Some 70,000 plus commuters ride the PNR each day according to its website last November. Most of these riders are ordinary wage earners, students, urban poor and small store owners buying supplies in Divisoria, Manila, said the Anakpawis partylist in a recent statement.
Yet, “the government has abandoned the railway service, letting it become a milking cow of corrupt government officials and private contractors,” said Anakpawis Partylist Rep. Fernando Hicap.
“The country’s commuter railway system is a public utility and service that is essential not only to PNR commuters but to the country’s economy as well. It is the government’s obligation to subsidize the railway’s operation, maintenance and improvement,” Sammy Malunes, spokesperson of Riles Laan sa Sambayanan (Riles), said in another statement.
Late last year PNR requested some P11 billion from the Department of Budget, saying the amount will be used for the rehabilitation of tracks from Manila to Bicol, the purchase of new trains, and the repair of existing ones. It also suggested some track improvements through double tracking, which they believe will allow trains to run faster than their 40 kph average speed today.
But the government responded with only P2.3 billion budget this year, which it recently gave to PNR.
To finance PNR’s rehab, the Aquino government, through the Department of Transportatio and Communication, said it wants to double the fares, a move which commuters, labor groups and the Makabayan bloc of lawmakers fiercely opposed.
“There is no justifiable reason to increase fares in the PNR,” Malunes of RILES Network said. He said the increase would not even be used to improve the railway’s service but to pay PNR’s debts to private corporations.
“It is enraging that we commuters are being forced to pay PNR’s debts.
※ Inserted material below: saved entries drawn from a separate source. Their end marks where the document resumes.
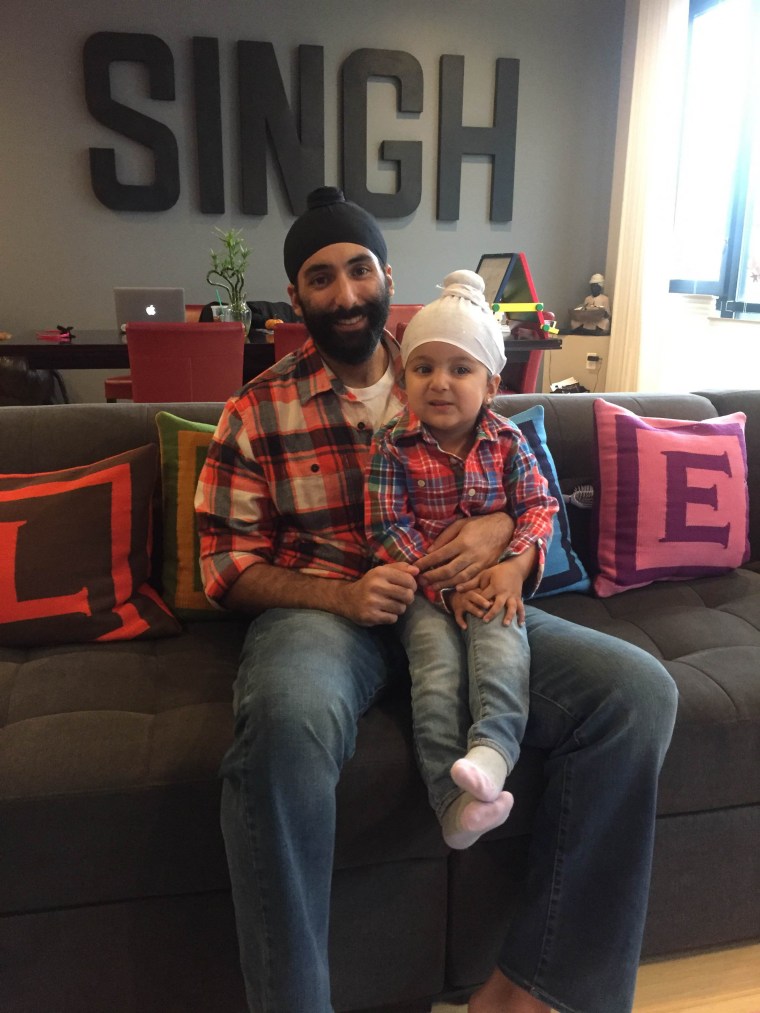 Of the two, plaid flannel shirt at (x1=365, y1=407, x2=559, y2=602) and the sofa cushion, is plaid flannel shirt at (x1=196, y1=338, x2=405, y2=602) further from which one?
the sofa cushion

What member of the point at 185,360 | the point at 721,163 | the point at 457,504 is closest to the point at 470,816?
the point at 457,504

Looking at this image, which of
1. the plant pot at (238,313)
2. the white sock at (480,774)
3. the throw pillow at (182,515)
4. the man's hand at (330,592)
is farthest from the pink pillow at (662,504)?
the plant pot at (238,313)

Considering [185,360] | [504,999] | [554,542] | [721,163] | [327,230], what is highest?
[721,163]

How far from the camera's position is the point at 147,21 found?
4109mm

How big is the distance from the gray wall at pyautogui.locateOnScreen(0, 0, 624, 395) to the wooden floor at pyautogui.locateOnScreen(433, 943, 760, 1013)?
4084 mm

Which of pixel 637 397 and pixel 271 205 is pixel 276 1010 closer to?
pixel 637 397

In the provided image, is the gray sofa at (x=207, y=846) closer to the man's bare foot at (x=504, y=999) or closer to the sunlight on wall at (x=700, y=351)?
the man's bare foot at (x=504, y=999)

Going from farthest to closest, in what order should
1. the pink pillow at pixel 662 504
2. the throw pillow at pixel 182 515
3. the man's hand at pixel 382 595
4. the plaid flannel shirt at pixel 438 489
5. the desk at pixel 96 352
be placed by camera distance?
the desk at pixel 96 352 → the pink pillow at pixel 662 504 → the throw pillow at pixel 182 515 → the plaid flannel shirt at pixel 438 489 → the man's hand at pixel 382 595

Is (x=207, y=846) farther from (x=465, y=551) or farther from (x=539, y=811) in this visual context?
(x=465, y=551)

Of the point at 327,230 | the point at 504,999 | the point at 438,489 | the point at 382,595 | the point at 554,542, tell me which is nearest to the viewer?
the point at 504,999

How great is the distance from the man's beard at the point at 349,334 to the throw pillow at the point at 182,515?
332 millimetres

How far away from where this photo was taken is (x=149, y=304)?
3490 mm

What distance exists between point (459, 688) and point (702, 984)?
2.32 ft

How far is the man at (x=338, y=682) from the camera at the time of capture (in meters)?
0.96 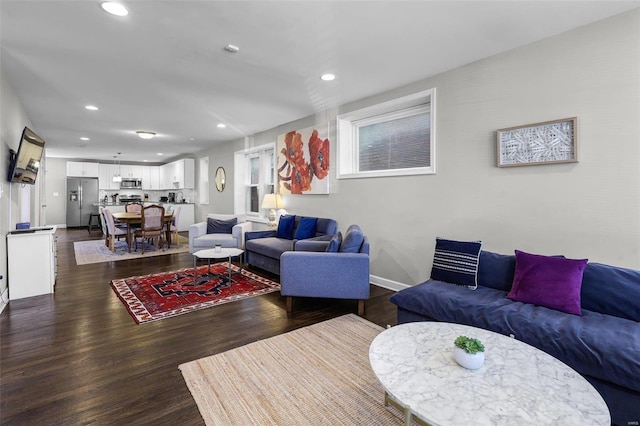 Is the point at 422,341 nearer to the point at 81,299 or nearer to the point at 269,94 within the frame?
the point at 269,94

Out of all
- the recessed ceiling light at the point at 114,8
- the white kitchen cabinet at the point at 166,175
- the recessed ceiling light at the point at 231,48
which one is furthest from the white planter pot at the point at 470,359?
the white kitchen cabinet at the point at 166,175

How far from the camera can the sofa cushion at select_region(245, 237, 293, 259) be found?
4355mm

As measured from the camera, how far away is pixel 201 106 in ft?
15.3

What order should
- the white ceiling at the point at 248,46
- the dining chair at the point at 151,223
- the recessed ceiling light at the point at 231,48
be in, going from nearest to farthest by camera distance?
the white ceiling at the point at 248,46, the recessed ceiling light at the point at 231,48, the dining chair at the point at 151,223

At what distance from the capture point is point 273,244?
4609mm

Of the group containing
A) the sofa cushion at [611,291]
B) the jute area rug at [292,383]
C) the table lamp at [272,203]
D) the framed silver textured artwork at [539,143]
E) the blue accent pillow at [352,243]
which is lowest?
the jute area rug at [292,383]

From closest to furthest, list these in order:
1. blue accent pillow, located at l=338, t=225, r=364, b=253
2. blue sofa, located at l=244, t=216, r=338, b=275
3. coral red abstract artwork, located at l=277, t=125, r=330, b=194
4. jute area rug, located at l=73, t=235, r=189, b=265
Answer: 1. blue accent pillow, located at l=338, t=225, r=364, b=253
2. blue sofa, located at l=244, t=216, r=338, b=275
3. coral red abstract artwork, located at l=277, t=125, r=330, b=194
4. jute area rug, located at l=73, t=235, r=189, b=265

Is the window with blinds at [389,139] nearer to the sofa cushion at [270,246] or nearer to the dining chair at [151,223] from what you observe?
the sofa cushion at [270,246]

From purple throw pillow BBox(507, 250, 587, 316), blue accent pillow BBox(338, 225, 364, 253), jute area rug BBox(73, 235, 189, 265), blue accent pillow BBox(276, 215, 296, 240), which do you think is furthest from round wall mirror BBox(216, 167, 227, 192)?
purple throw pillow BBox(507, 250, 587, 316)

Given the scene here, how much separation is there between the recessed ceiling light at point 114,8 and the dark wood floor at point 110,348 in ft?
8.49

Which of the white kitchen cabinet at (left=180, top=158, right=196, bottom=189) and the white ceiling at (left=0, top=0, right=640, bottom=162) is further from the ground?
the white ceiling at (left=0, top=0, right=640, bottom=162)

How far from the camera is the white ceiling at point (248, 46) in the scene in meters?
2.25

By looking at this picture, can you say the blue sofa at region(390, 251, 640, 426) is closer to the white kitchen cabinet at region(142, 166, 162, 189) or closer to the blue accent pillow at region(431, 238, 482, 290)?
the blue accent pillow at region(431, 238, 482, 290)

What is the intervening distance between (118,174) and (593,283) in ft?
43.2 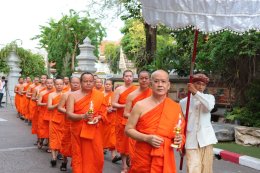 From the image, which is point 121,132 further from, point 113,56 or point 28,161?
point 113,56

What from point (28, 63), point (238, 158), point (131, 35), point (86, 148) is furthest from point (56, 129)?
point (131, 35)

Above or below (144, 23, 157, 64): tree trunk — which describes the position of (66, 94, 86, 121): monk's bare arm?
below

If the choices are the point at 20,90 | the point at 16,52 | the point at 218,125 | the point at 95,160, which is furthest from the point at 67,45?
the point at 95,160

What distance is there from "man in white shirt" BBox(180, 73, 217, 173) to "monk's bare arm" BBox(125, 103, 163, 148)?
111cm

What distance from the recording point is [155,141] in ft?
12.4

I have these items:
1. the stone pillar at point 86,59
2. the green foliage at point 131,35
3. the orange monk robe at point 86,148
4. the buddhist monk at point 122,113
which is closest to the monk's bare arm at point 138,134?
the orange monk robe at point 86,148

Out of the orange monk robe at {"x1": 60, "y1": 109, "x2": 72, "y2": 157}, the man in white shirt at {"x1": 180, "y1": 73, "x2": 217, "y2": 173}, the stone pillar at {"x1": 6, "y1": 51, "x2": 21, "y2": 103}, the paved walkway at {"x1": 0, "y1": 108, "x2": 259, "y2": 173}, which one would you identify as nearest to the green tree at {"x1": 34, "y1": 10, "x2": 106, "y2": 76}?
the stone pillar at {"x1": 6, "y1": 51, "x2": 21, "y2": 103}

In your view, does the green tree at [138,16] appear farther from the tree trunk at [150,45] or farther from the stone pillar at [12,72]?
the stone pillar at [12,72]

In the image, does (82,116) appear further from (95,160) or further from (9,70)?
(9,70)

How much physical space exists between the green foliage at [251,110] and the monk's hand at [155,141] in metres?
7.29

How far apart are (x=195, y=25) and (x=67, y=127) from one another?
137 inches

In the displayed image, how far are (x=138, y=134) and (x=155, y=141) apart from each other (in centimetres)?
21

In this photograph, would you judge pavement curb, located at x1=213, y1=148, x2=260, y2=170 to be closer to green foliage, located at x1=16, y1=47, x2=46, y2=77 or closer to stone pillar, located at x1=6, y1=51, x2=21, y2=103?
stone pillar, located at x1=6, y1=51, x2=21, y2=103

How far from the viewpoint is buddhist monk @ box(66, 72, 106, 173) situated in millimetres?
5723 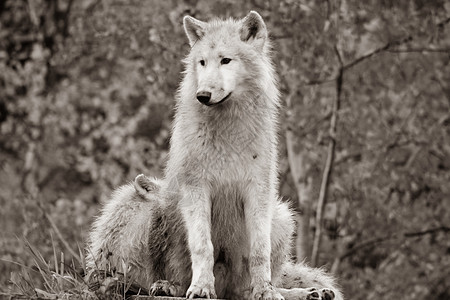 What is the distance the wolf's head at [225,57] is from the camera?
6.32 m

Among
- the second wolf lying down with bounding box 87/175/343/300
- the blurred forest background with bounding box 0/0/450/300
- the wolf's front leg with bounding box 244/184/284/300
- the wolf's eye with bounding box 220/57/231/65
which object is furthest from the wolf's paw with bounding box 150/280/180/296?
the blurred forest background with bounding box 0/0/450/300

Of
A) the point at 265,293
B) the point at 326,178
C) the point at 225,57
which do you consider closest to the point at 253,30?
the point at 225,57

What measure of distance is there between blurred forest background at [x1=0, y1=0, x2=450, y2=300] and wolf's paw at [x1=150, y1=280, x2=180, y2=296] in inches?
219

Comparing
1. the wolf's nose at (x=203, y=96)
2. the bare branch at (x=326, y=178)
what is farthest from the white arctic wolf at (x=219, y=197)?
the bare branch at (x=326, y=178)

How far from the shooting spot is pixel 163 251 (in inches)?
273

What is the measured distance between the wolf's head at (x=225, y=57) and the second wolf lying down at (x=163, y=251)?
112 centimetres

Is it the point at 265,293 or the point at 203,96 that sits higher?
the point at 203,96

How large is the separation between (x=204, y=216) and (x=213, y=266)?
1.62 ft

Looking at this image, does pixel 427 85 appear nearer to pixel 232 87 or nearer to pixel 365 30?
pixel 365 30

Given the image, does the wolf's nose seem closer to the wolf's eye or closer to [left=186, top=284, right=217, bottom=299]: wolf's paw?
the wolf's eye

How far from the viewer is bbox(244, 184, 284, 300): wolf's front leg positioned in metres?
6.32

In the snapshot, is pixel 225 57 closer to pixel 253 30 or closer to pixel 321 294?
pixel 253 30

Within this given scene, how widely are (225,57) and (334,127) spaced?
6.06m

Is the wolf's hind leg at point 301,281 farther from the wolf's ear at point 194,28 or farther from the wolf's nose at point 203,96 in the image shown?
the wolf's ear at point 194,28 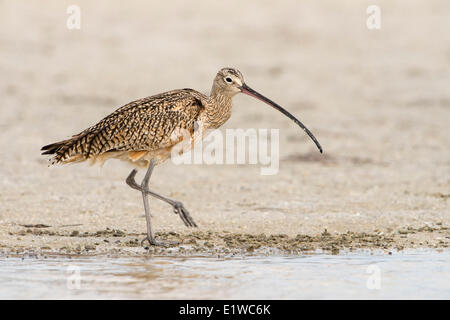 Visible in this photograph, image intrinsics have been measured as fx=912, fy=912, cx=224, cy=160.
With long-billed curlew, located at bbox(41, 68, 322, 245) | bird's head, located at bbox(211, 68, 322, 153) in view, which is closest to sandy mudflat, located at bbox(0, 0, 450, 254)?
long-billed curlew, located at bbox(41, 68, 322, 245)

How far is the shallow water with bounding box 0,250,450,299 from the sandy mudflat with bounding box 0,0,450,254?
1.40 ft

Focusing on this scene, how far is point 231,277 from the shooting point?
23.5ft

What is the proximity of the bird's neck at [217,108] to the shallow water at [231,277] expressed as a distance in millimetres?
1538

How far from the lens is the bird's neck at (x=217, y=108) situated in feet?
28.6

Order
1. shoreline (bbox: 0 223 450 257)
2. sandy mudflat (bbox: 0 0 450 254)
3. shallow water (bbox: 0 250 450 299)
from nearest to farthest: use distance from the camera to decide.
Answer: shallow water (bbox: 0 250 450 299)
shoreline (bbox: 0 223 450 257)
sandy mudflat (bbox: 0 0 450 254)

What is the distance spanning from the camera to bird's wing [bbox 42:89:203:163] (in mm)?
8352

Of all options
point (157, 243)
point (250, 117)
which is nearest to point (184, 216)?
point (157, 243)

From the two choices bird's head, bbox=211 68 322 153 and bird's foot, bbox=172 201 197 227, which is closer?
bird's foot, bbox=172 201 197 227

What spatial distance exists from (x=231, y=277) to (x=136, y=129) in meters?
1.90

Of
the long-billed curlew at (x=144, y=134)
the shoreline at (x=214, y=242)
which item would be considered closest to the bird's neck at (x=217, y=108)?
the long-billed curlew at (x=144, y=134)

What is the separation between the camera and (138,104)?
336 inches

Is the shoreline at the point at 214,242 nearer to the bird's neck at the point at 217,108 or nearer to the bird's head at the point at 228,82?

We do not even know where these debts were spent because it was obviously not used to at least ease the rapidly decaying conditions of the railway service” Malunes said.
Riles insisted that with its fare box ratio alone, the PNR has sufficient funds for its operations.
But for as long as the trend of neglect continues, commuters fear accidents will continue. Relativo of TREN warned, “Lack of government funding and continued neglect result in the deteriorating quality of services, overcrowding of coaches, and a plethora of safety issues.”